[TASK BRIEF]:
Give the data below again, word for word.

--- DATA PROVIDED ---

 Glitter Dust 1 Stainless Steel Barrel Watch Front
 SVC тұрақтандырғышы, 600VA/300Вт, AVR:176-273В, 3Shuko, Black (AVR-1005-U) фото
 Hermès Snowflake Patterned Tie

---

[TASK RESPONSE]:
 Glitter Dust 1 Stainless Steel Barrel Watch Front
 SVC тұрақтандырғышы, 600VA/300Вт, AVR:176-273В, 3Shuko, Black (AVR-1005-U) фото
 Hermès Snowflake Patterned Tie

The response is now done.